Uma decisão de verba baseada em taxa de conversão por canal — e o que apareceu quando alguém olhou o que acontecia depois da conversão.

O canal de comparadores tinha taxa de conversão de 8,4%, contra 2,1% do conteúdo orgânico. A decisão foi óbvia: dobrar a verba nos comparadores. Seis meses depois, a receita não tinha se movido.

Ao final desta aula você consegue
  • Olhar além da conversão para a qualidade do que foi convertido.
  • Reconhecer métrica que otimiza o topo e piora o fim.
  • Ligar dado de marketing a dado de vendas.

O que o relatório de marketing mostrava

CanalVisitantesLeadsTaxa
Comparadores4.2003538,4%
Orgânico18.9003972,1%
Social9.1001091,2%

Vista assim, a conclusão é inescapável: comparadores convertem 4x melhor. Foi o que se decidiu.

O que apareceu ao cruzar com o CRM

CanalLeadsVira oportunidadeFechaTicket médioReceita
Comparadores35311% (39)8% (3)R$ 41 milR$ 123 mil
Orgânico39734% (135)22% (30)R$ 78 milR$ 2,34 mi
Social10928% (31)19% (6)R$ 64 milR$ 384 mil

O canal com a pior taxa de conversão de visitante em lead gerou 19 vezes mais receita. E dobrar a verba no de melhor taxa não moveu nada.

A explicação é simples e comum: quem chega por comparador está comparando preço, decide rápido e escolhe o mais barato. Quem chega por conteúdo de problema específico já entendeu que o problema é caro e busca solução, não preço.

A taxa de conversão de visitante em lead mede facilidade de captura, não valor. E a área de marketing estava sendo avaliada exatamente por essa métrica.

Análise que vai até o fim do funil
Analise o desempenho destes canais. NÃO conclua nada a partir da
taxa de conversão de visitante em lead isoladamente.

Dados de marketing: [cole]
Dados de vendas por origem: [cole — oportunidades, fechamento,
ticket, ciclo]

Responda:
1) Ordene os canais por RECEITA gerada, não por taxa de conversão
2) Onde a ordem muda em relação à taxa de conversão? Por quê?
3) Que canal tem alta captura e baixa qualidade? O que isso sugere
   sobre a intenção de quem vem por ele?
4) Qual é o custo de aquisição de CLIENTE (não de lead) por canal?
5) Que decisão eu tomaria olhando só marketing, e por que ela
   estaria errada?

Se faltar dado de vendas para algum canal, diga — não estime.

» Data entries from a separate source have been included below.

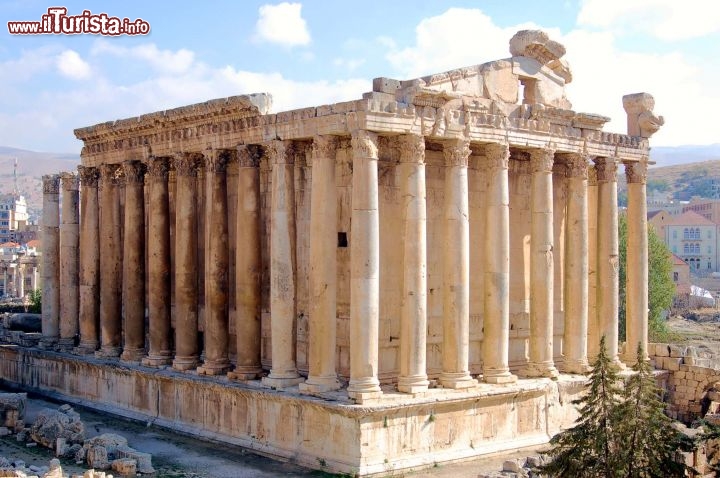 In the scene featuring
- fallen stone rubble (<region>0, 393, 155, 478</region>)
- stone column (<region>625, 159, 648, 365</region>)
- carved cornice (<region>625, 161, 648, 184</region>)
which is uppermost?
carved cornice (<region>625, 161, 648, 184</region>)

A pergunta 5 é a mais útil para levar à reunião: ela nomeia explicitamente a decisão errada que os dados de marketing sozinhos induziriam.

O que mudou depois

A métrica de acompanhamento do time passou de "leads gerados" para "receita por origem", com defasagem de um trimestre para respeitar o ciclo de venda.

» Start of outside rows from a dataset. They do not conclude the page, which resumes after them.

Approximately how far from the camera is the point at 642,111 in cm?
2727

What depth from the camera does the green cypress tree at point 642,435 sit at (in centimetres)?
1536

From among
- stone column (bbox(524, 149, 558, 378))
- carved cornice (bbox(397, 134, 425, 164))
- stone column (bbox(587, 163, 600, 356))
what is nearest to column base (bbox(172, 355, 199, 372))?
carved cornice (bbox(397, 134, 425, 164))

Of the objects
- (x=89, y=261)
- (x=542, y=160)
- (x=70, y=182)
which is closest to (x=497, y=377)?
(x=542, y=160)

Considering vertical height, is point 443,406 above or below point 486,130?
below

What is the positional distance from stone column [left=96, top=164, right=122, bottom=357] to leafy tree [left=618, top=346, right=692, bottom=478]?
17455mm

A verba de comparadores voltou ao patamar anterior e o excedente foi para produção de conteúdo de problema específico — o formato que a aula 2.2 chama de intenção resolutiva.

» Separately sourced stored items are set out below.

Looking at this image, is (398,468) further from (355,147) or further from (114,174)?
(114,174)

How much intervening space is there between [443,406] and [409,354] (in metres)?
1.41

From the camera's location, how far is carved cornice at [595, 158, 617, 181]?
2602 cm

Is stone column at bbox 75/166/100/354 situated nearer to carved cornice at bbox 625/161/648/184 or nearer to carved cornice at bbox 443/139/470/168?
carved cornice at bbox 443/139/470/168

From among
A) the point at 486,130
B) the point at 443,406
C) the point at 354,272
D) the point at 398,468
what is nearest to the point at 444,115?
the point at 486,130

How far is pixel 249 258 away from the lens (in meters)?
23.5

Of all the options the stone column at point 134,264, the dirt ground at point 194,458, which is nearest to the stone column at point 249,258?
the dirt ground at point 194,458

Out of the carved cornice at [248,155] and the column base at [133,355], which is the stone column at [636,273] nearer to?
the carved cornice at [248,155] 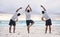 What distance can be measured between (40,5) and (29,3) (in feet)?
1.39

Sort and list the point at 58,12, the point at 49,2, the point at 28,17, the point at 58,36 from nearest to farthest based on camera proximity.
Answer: the point at 58,36 → the point at 28,17 → the point at 49,2 → the point at 58,12

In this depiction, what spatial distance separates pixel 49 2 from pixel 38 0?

ArmadilhaMarketing e vendas com bases diferentes

A razão mais comum para essa análise nunca ser feita não é falta de vontade: é que o dado de origem não sobrevive à passagem para o CRM. O lead entra sem utm_source, ou o vendedor sobrescreve o campo.

Sem essa ligação, marketing otimiza a etapa dele e ninguém consegue provar o que acontece depois. Fazer a origem persistir até o fechamento é a intervenção de maior retorno em análise de marketing.

Como perceber: Você não consegue dizer quanto de receita veio de cada canal no trimestre passado.

Checagem antes de seguir
  • A ordenação foi por receita, não por taxa de conversão.
  • O dado de origem persiste até o fechamento.
  • O custo de aquisição é por cliente, não por lead.
  • A defasagem do ciclo de vendas foi respeitada.
Em uma frase
  • Taxa de conversão mede facilidade de captura, não valor — e o canal mais fácil costuma trazer quem compara preço.